Records from a dataset:
##########
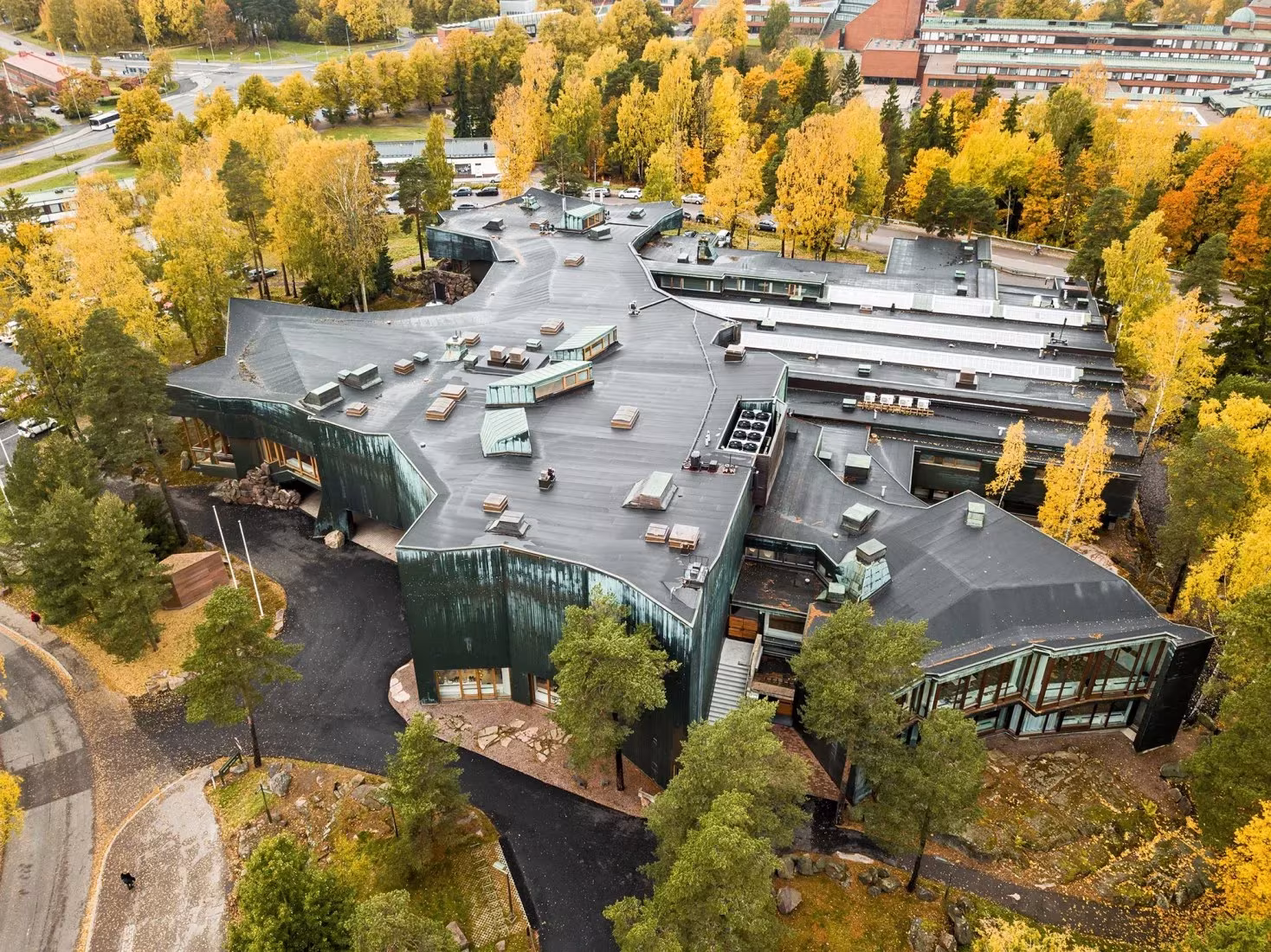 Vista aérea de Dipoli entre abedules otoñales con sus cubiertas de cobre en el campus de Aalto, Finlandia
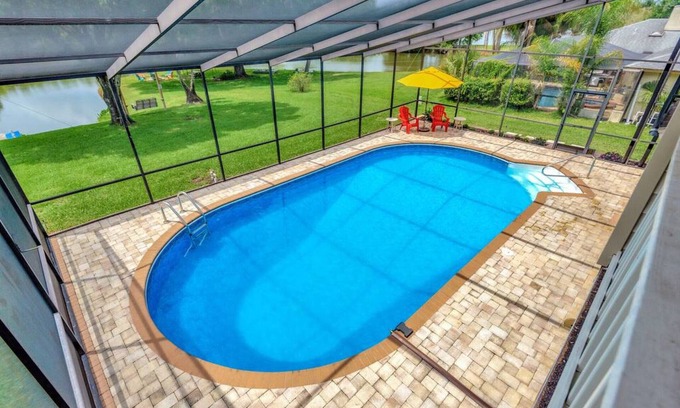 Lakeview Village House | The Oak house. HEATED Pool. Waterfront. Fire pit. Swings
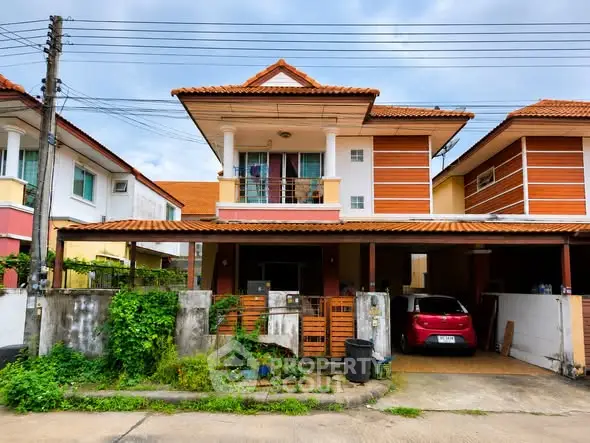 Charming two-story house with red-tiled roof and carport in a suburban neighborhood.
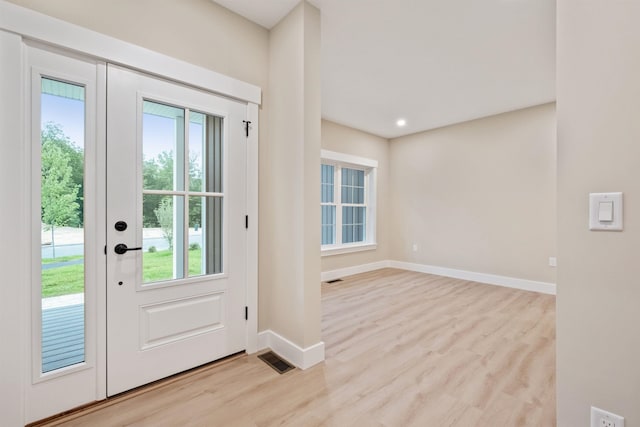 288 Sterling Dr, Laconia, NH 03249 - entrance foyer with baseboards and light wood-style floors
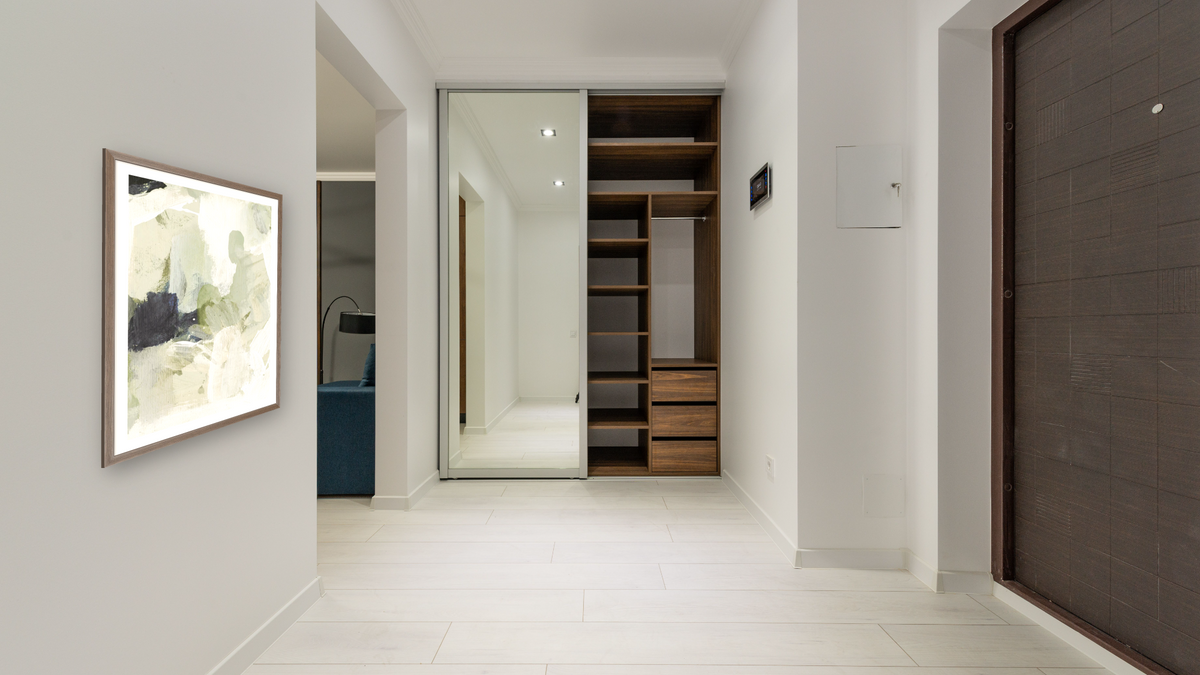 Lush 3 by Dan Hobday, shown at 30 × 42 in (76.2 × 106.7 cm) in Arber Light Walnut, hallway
##########
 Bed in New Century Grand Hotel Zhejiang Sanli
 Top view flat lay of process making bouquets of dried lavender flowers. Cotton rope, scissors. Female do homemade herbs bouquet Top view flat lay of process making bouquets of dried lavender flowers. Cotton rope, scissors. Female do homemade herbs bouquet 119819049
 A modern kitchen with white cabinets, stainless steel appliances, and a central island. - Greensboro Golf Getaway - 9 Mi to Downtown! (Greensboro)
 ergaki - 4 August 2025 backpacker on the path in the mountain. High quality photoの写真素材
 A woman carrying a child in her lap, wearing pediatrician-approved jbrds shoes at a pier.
##########
Return only the stretch above from the line containing "Vista aérea de" through the line containing "Lush 3 by Dan", word for word and without pictures.

 Vista aérea de Dipoli entre abedules otoñales con sus cubiertas de cobre en el campus de Aalto, Finlandia
 Lakeview Village House | The Oak house. HEATED Pool. Waterfront. Fire pit. Swings
 Charming two-story house with red-tiled roof and carport in a suburban neighborhood.
 288 Sterling Dr, Laconia, NH 03249 - entrance foyer with baseboards and light wood-style floors
 Lush 3 by Dan Hobday, shown at 30 × 42 in (76.2 × 106.7 cm) in Arber Light Walnut, hallway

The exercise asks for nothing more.